[[ Information shown, beginning ]]

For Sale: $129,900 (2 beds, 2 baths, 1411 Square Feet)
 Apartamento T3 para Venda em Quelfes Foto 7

[[ Information shown, end ]]
[[ Information shown, beginning ]]

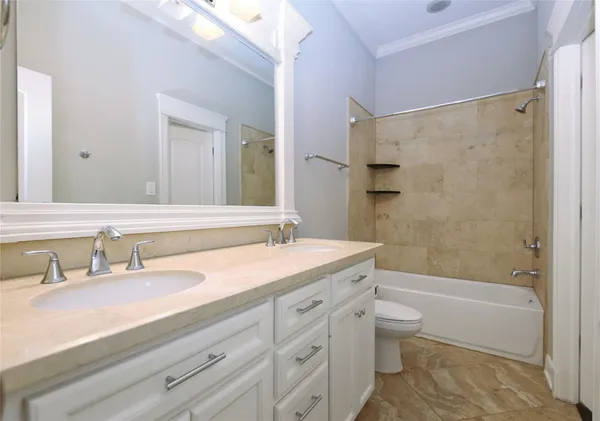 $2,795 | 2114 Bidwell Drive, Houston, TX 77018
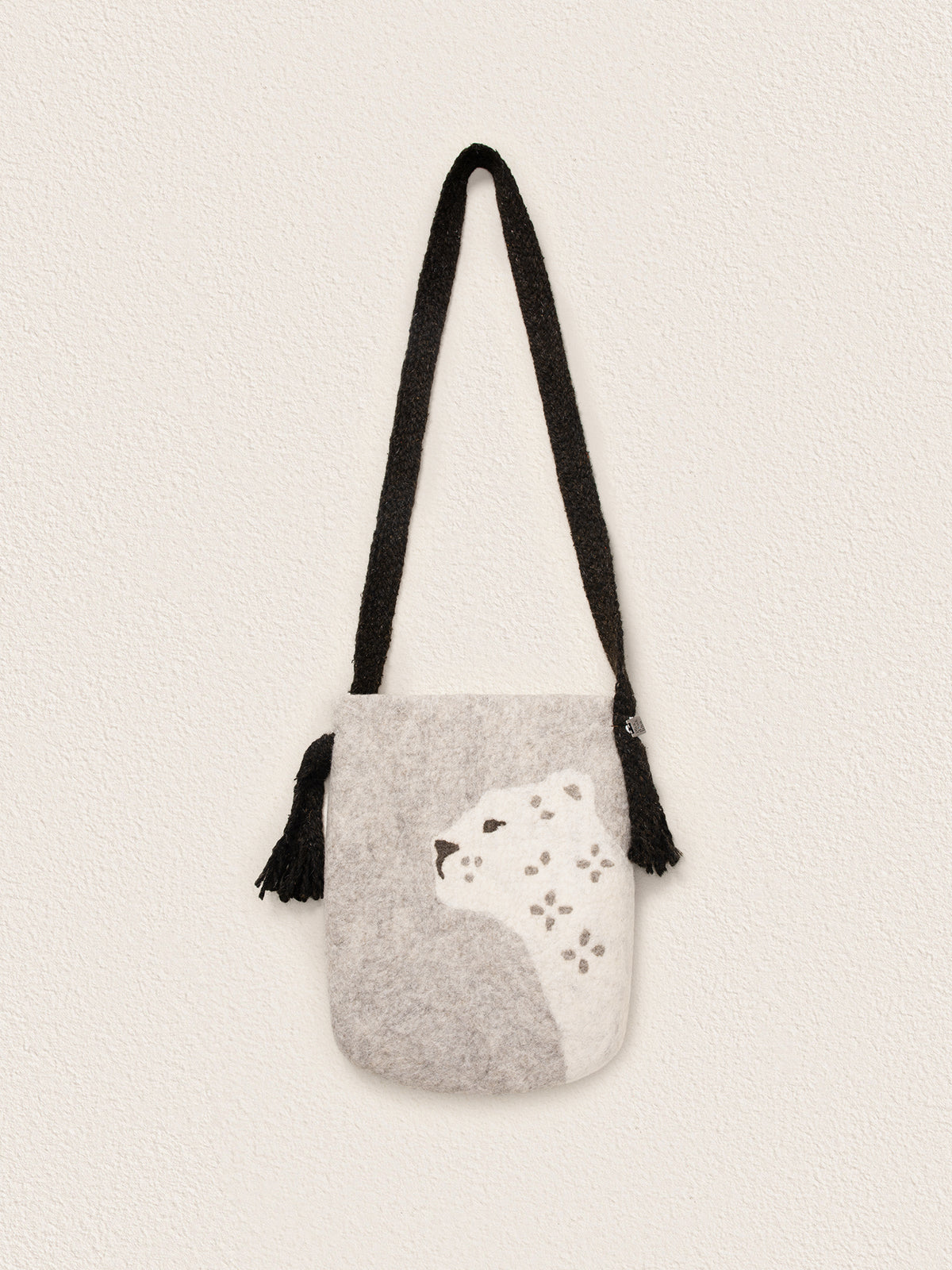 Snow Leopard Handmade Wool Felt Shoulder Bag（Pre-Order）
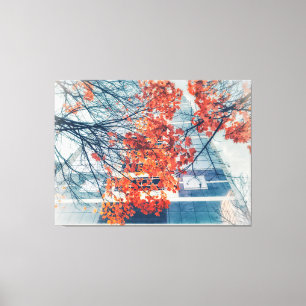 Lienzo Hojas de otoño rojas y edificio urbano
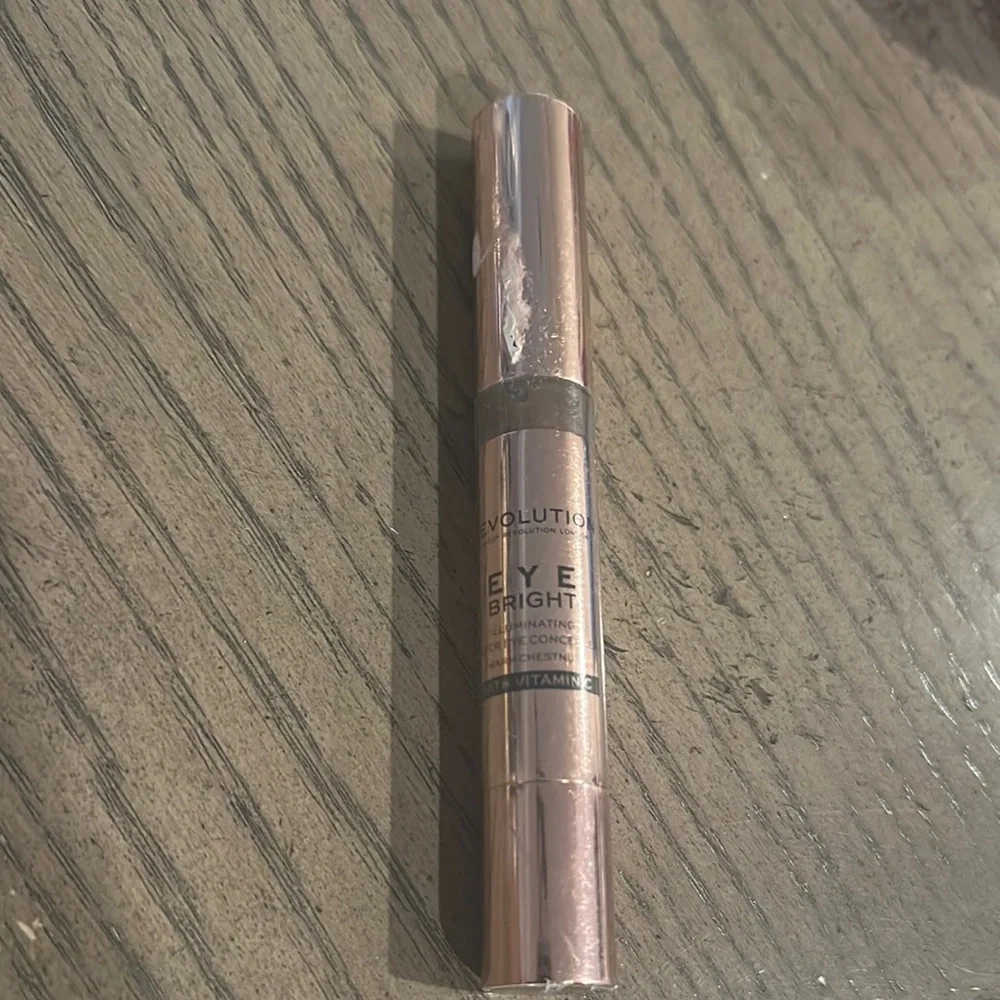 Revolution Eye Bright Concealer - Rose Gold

[[ Information shown, end ]]
[[ Information shown, beginning ]]

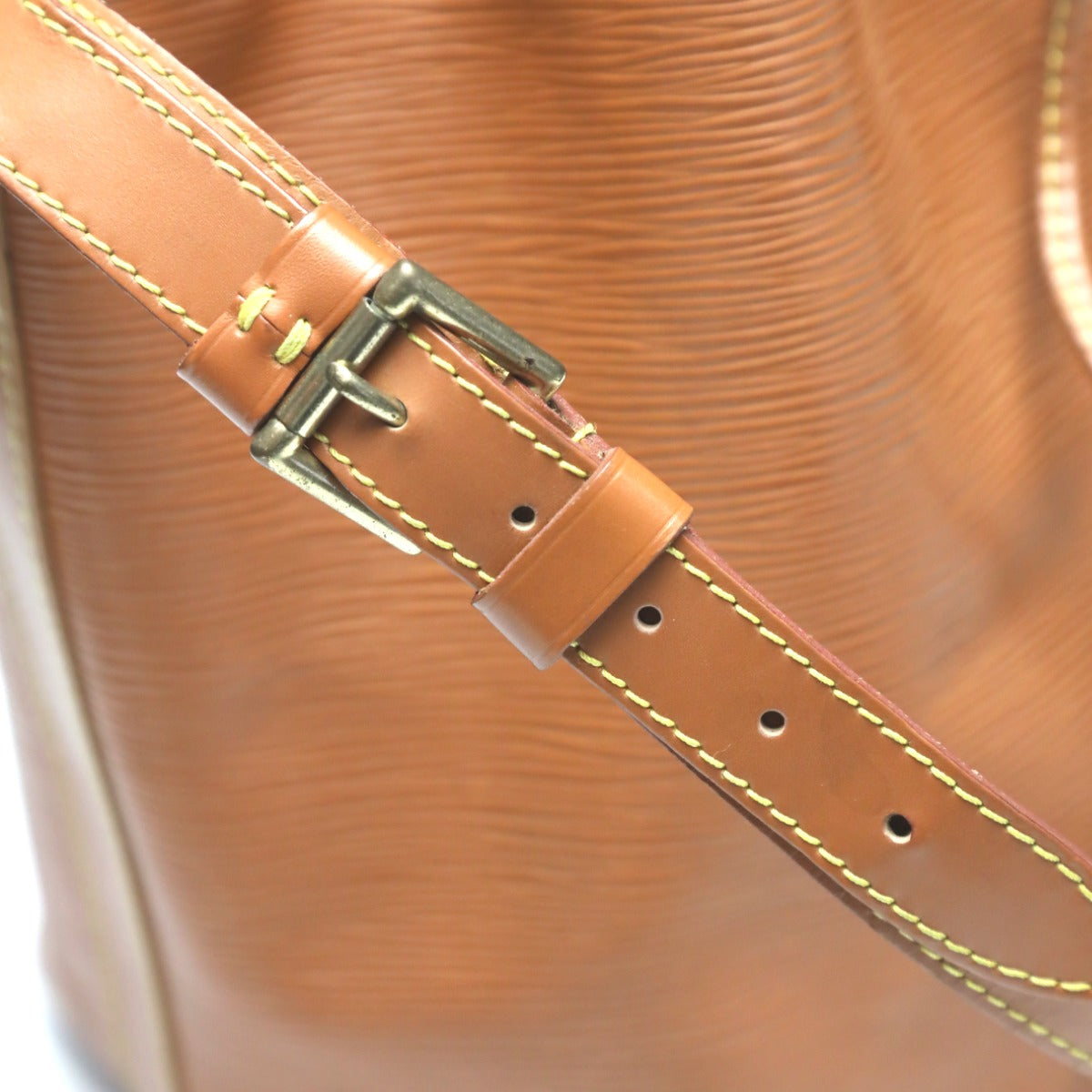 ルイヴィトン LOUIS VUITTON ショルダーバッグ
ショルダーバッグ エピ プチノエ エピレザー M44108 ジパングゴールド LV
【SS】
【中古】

[[ Information shown, end ]]

**Task to carry out**
The answer is those lines of the material above that run from the one containing "Lienzo Hojas de" up to and including the one containing "Revolution Eye Bright Concealer - Rose Gold", restated exactly and without images.

**Solution for this task**
 Lienzo Hojas de otoño rojas y edificio urbano
 Revolution Eye Bright Concealer - Rose Gold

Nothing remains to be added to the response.